10,000 Saints has a lot of problems but no action or plot movement isn't among them. The film's core message, while it won't blow your doors off, does have some substance to it. The problem lies primarily with the three young actors who are left to prop up the movie --- Butterfield, Steinfeld, and Hirsch.

Of the three, I've only been semi-impressed with Hirsch's work. Steinfeld and Butterfield flail madly (though in oddly inexpressive ways) trying to unsuccessfully ape more talented actors (Steinfeld - Natalie Portman, Butterfield --- too numerous to mention).

It doesn't help that the screenwriters (who are quite engaging writers usually) give them a hackneyed cross between an after-school special and a lifetime movie in terms of story development.
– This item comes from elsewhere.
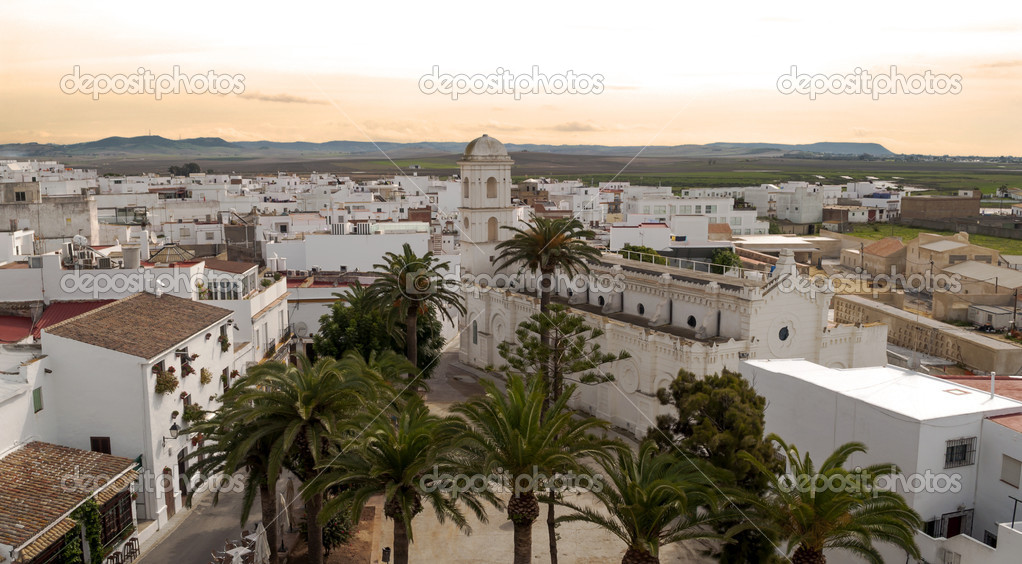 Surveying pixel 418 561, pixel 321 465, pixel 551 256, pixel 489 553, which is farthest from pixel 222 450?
pixel 551 256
This movie's most intriguing messages lie under the plot and in the emotional depth of field of its characters --- what they're NOT saying and doing, since they're all dealing with intolerable situations set-up by their miscreant "parents". But they have neither the tools or road maps to find such jewels, so instead we get the usual floundering youth story (teen pregnancies, friendships betrayed, etc.). Hawke and Mortimer are okay but even the lack of energy finally drains them as it does us. If these pseudo "punks" are this boring now, imagine how quick they'll fade into suburbia as adults. Frightening.

And of course, it's all bookended by a flashback monologue that makes you wonder exactly what the Butterfield character is even trying to tell us in terms of what this whole experience meant to him. It's all too nebulous and meaningless for anyone over 17 to care about.

The soundtrack is decent, other than that it's an absolute misfire.